Description of the task:
Only the lines below from the one that holds "Sweet Spring aardbeien" through the one that holds "Load image into" should appear in the answer, copied exactly, end lines included and pictures omitted.

Extracted material:
-------

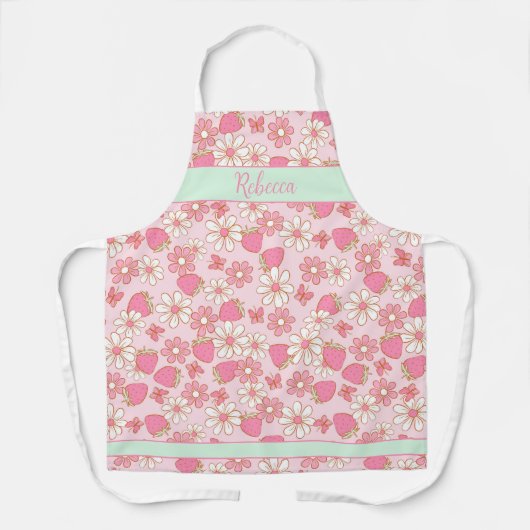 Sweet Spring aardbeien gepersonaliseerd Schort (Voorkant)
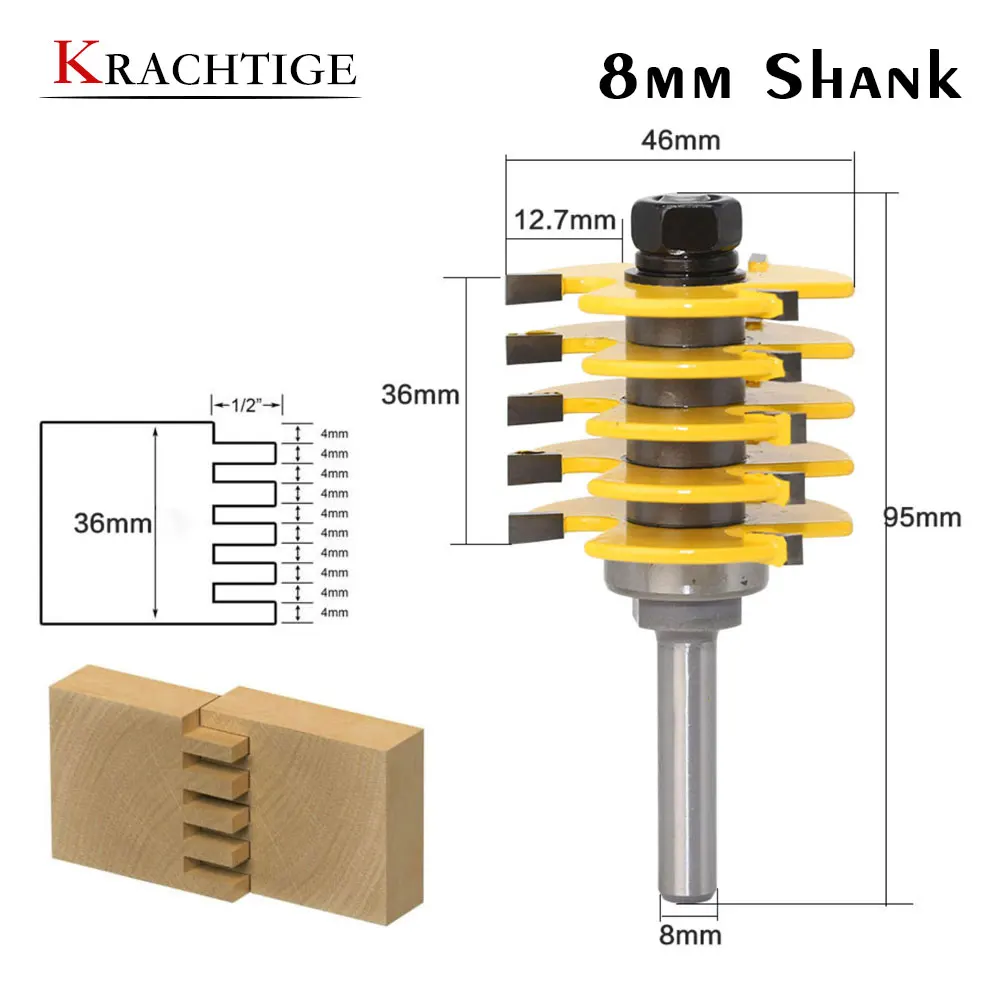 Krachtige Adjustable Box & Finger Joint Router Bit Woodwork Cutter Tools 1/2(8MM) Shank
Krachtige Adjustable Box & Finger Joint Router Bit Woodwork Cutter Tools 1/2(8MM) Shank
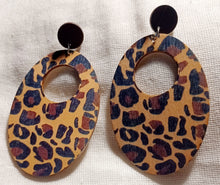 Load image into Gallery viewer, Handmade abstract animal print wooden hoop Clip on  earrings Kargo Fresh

-------

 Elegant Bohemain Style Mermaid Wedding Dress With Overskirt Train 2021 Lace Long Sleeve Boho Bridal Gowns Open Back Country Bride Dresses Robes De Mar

-------

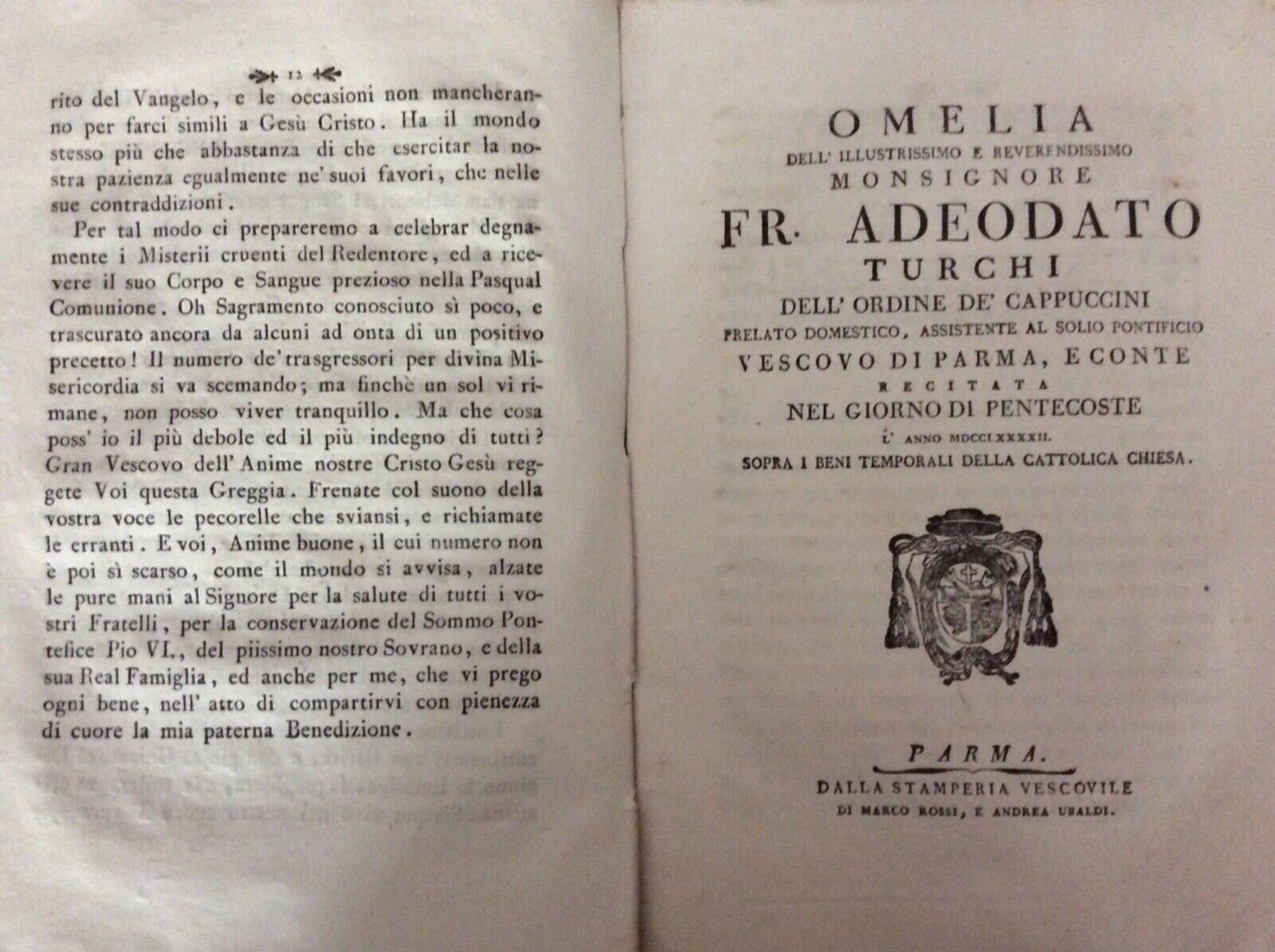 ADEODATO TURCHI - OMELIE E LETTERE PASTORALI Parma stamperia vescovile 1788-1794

-------

Solution to the problem:
 Sweet Spring aardbeien gepersonaliseerd Schort (Voorkant)
 Krachtige Adjustable Box & Finger Joint Router Bit Woodwork Cutter Tools 1/2(8MM) Shank
Krachtige Adjustable Box & Finger Joint Router Bit Woodwork Cutter Tools 1/2(8MM) Shank
 Load image into Gallery viewer, Handmade abstract animal print wooden hoop Clip on  earrings Kargo Fresh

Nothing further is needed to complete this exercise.